The U.N. Refugee Agency has said that more than 2,510 migrants have drowned in the Mediterranean while attempting to cross into Europe so far this year, compared to 1,855 in the first five months in 2015. In the past week, there were 880 drownings. Announcing the death toll in Geneva, U.N. Agency Spokesman William Spindler said that 2016 is proving to be “particularly deadly.”
While thousands died in 2015 and 2016, there were less than 60 deaths in the same period in 2014.
Spindler said that the route from Libya or other north African countries to Italy, known as the central Mediterranean route, was “dramatically more dangerous” than the route from the Turkish coast to Greece that is taken by most migrants. One reason for this is that these boats are more crowded. The odds of dying on the central Mediterranean route are one in 23. The odds of dying in the Mediterranean as a whole, while attempting to illegally enter Europe by sea, were one in 81.
Less than a quarter of migrants making the sea journey choose the central Mediterranean route (46,714 people), compared with the 156,364 people entering Greece by sea.

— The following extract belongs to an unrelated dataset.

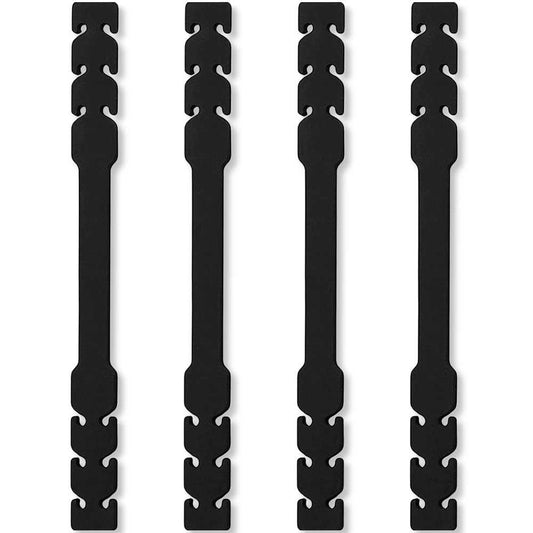 4 Salva Orejas Extensores Elásticos Flexibles Negras para Mascarilla Ajustables Antipresión Ganchos de Silicona Goma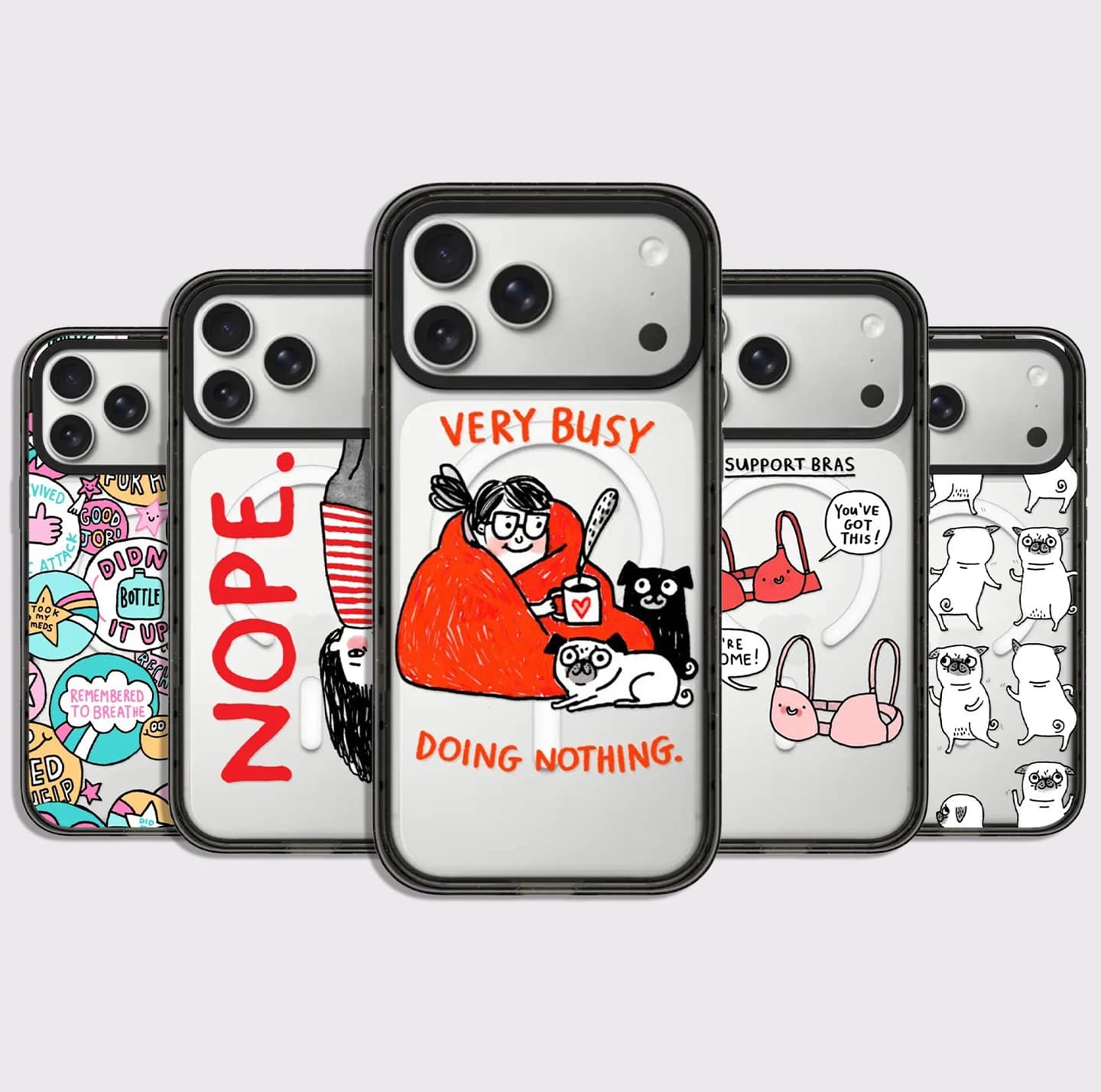 Nope Impact Black Border Magnetic Cover for IPhone 12 13 14 15 16 17 Pro Max Case for IPhone 17 Air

The International Organization for Migration (IOM) notes that there has been a shift in migration patterns across the EU with a spike in the numbers of migrants entering Europe via Italy in the two weeks ending May 18 was up 54 percent compared with the previous two weeks. In Greece, the entry attempts had dropped 67 percent over the same period. This was attributed to the EU-Turkey agreement.